CLEVELAND - The nominees have been announced, now it is your turn to vote on who will be inducted into Cleveland's Rock and Roll Hall of Fame.
You can cast up to five votes.
Included on this year's list of 19 potential inductees:
Chaka Khan: Started with the funk and rock group Rufus in the '70s, but she broke away in 1978 with the hit "I'm Every Woman." She had a hit with her 1984 solo album "I Feel For You."
Electric Light Orchestra (ELO): Formed in 1970 by Jeff Lynne and Roy Wood, ELO was created to write modern rock and pop songs with classical music.
Janet Jackson: The youngest member of the Jackson family, Janet Jackson started as a child actress on "Good Times" and "Fame," but had a five-time platinum album with her LP "Control" in 1986. This is Jackson's second nomination. She was eligible in 2007, but was nominated in 2016 and again for 2017. She has sold more than 160 million records, making her one of the best-selling artists in history.
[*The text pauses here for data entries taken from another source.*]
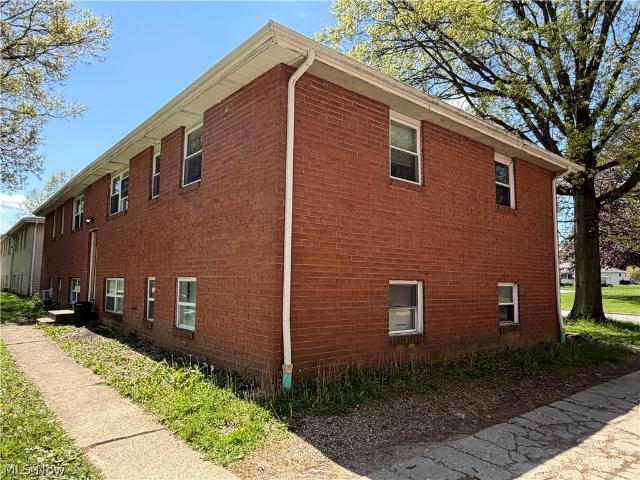 House for sale in Campbell, Ohio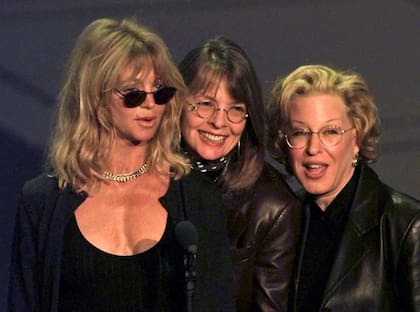 ¡Icónicas! Diane Keaton, Goldie Hawn y Bette Midler, las estrellas de El club de las divorciadas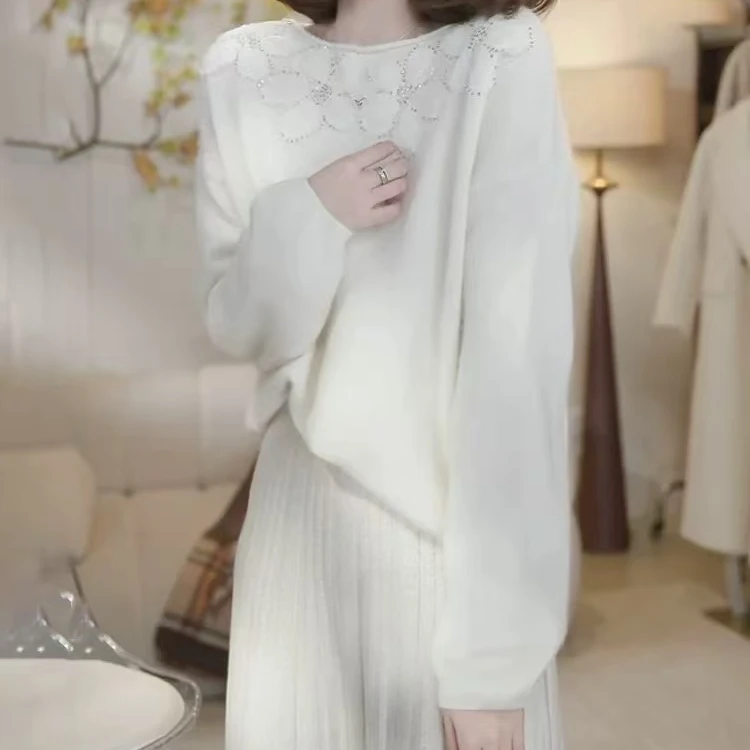 【白色茉莉】欧洲气质甜美圆领羊毛针织衫重工亮片花朵软糯套头毛衣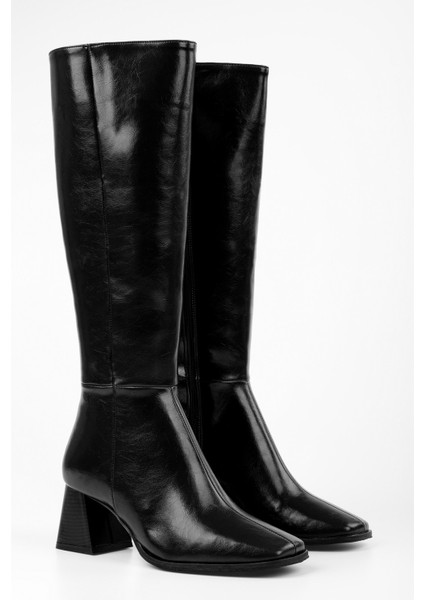 Kadın Stall Siyah Küt Burunlu Çizme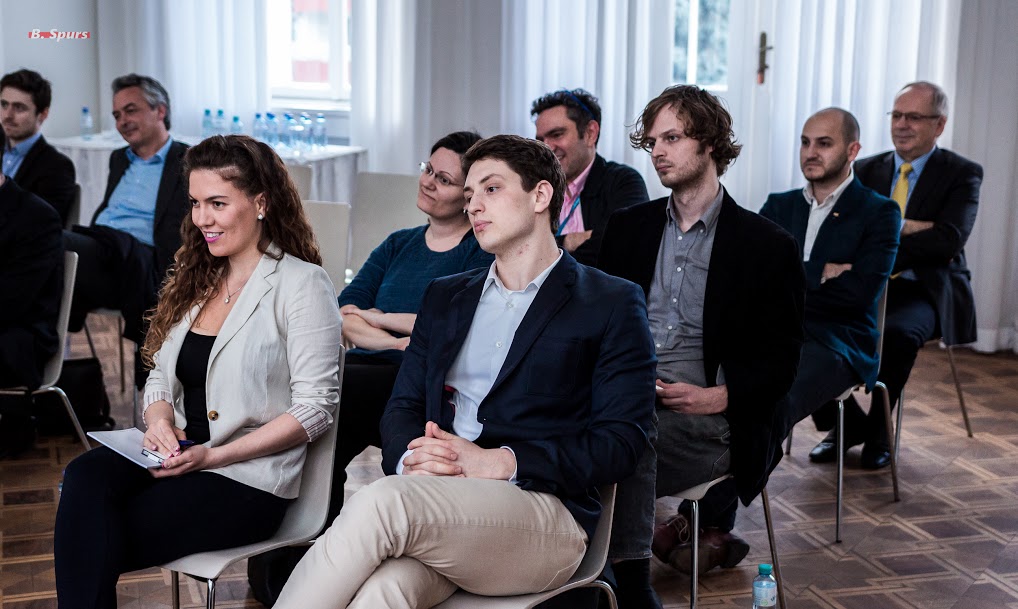 LBS students listening to DI Franz Viehböck DI Franz Viehböck, Chief Technology Officer at Berndorf AG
Journey: Formed in San Francisco in 1973, Journey started out with progressive and hard rock sounds. In 1977, Steve Perry joined former Santana members Neil Schon and Gregg Rolie. Their biggest hit, "Don't Stop Believin'" has continued to be played on radio stations and has found new life after being featured prominently on the television show "Glee," the final episode of "The Sopranos" and on Broadway in the musical "Rock of Ages."
Pearl Jam: The grunge band from Seattle debuted their album "Ten" in 1991 after being founded only a year earlier. "Ten" went on to sell more than 13 million copies and included hits "Alive" and "Jeremy." In 2000, Pearl Jam took on companies like Ticketmaster, trying to cut the fees the ticket companies tacked on and signing exclusive deals with concert venues leaving both bands and fans with no alternative for tickets, but to buy through the companies, according to Rolling Stone.
Tupac Shakur: From the world of hip-hop, Tupac Shakur was a multi-platinum rapper and a movie star. His first solo album "2Pacalypse Now" came out in 1991 with hits like "Brenda's Got a Baby." It also shined a spotlight on street violence and police harassment, leading Vice President Dan Quayle to call for the album being pulled after Quayle linked the album to increasing crime according to the Los Angeles Times. Shakur would go on to star in movies like "Juice," "Poetic Justice" and "Above the Rim." After only five years in the business, Shakur was murdered in 1996 at the age of 25.